To address this problem, they propose Memory-Aware Test-Time Scaling (MaTTS), which integrates scaling with ReasoningBank. MaTTS is available in two forms. With “parallel scaling,” the system generates multiple trajectories for a similar query after which compares and contrasts them to discover consistent reasoning patterns. With sequential scaling, the agent iteratively refines its reasoning inside a single trial, with the interim notes and corrections also serving as helpful memory signals.
This creates a virtuous circle: the present memory in ReasoningBank leads the agent to more promising solutions, while the varied experiences generated by scaling allow the agent to create higher quality memories which might be stored in ReasoningBank.
“This positive feedback loop positions memory-driven experience scaling as a brand new scaling dimension for agents,” the researchers write.
ReasoningBank in motion
The researchers tested their framework Web (web browsing) and SWE Bench tested (Software engineering) benchmarks using models resembling Google's Gemini 2.5 Pro and Anthropic's Claude 3.7 Sonnet. They compared ReasoningBank to baselines, including memory-free agents and agents that use trajectory-based or workflow-based memory frameworks.
The results show that ReasoningBank consistently outperforms these baselines across all datasets and LLM backbones. On WebArena, it improved the general success rate by as much as 8.3 percentage points in comparison with a memory-free agent. It also generalizes higher to tougher, cross-domain tasks while reducing the variety of interaction steps required to finish tasks. When combined with MaTTS, each parallel and sequential scaling further increased performance and consistently outperformed standard test time scaling.
This gain in efficiency has a direct impact on operating costs. Yan points to a case where a memory-free agent took eight steps through trial and error to search out the suitable product filter on an internet site. “These trial-and-error costs might be avoided by leveraging relevant insights from ReasoningBank,” he noted. “In this case, we save almost double the operating costs,” which also improves the user experience by resolving issues more quickly.

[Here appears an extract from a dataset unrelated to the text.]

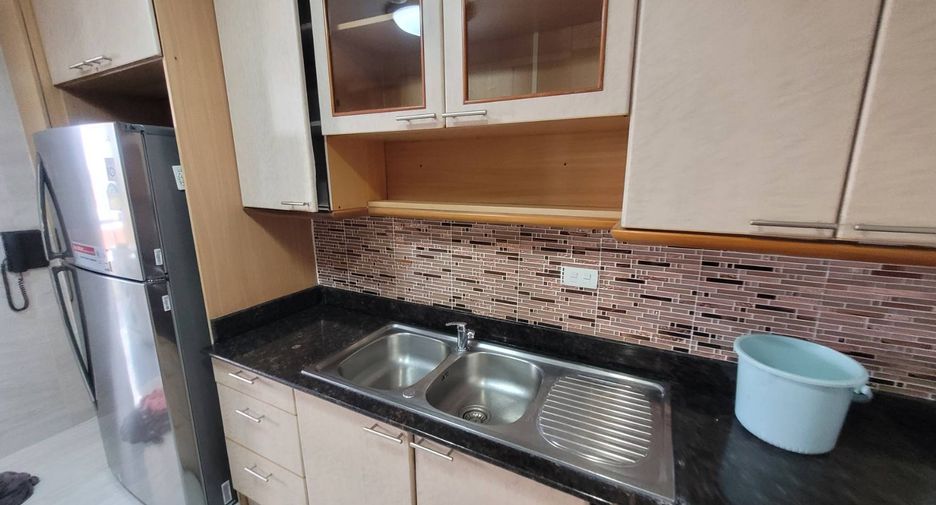 For rent 3 bedrooms condo in Watthana, Bangkok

For businesses, ReasoningBank can assist develop cost-effective agents that may learn from experience and adapt over time in complex workflows and areas resembling software development, customer support and data evaluation. The paper concludes: “Our results suggest a practical path to constructing adaptive and lifelong learning agents.”

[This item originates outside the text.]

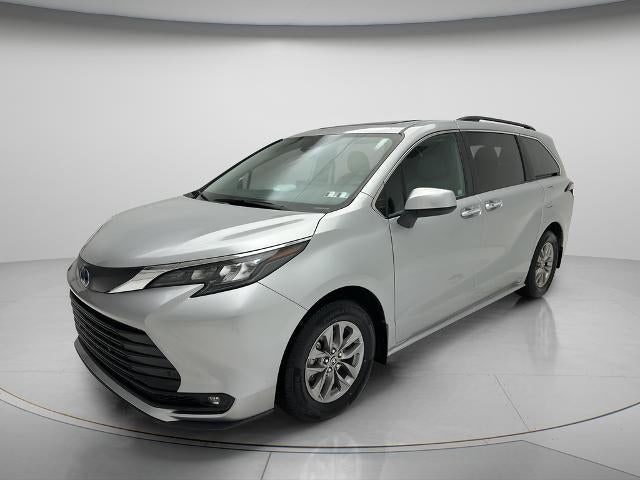 2025 Toyota Sienna XLE 8 Passenger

Yan acknowledged that her findings point to a way forward for true compositional intelligence. For example, a coding agent could learn individual skills resembling API integration and database management through separate tasks. “Over time, these modular capabilities turn into constructing blocks that the agent can flexibly recombine to resolve more complex tasks,” he said, suggesting a future through which agents can autonomously assemble their knowledge to administer entire workflows with minimal human oversight.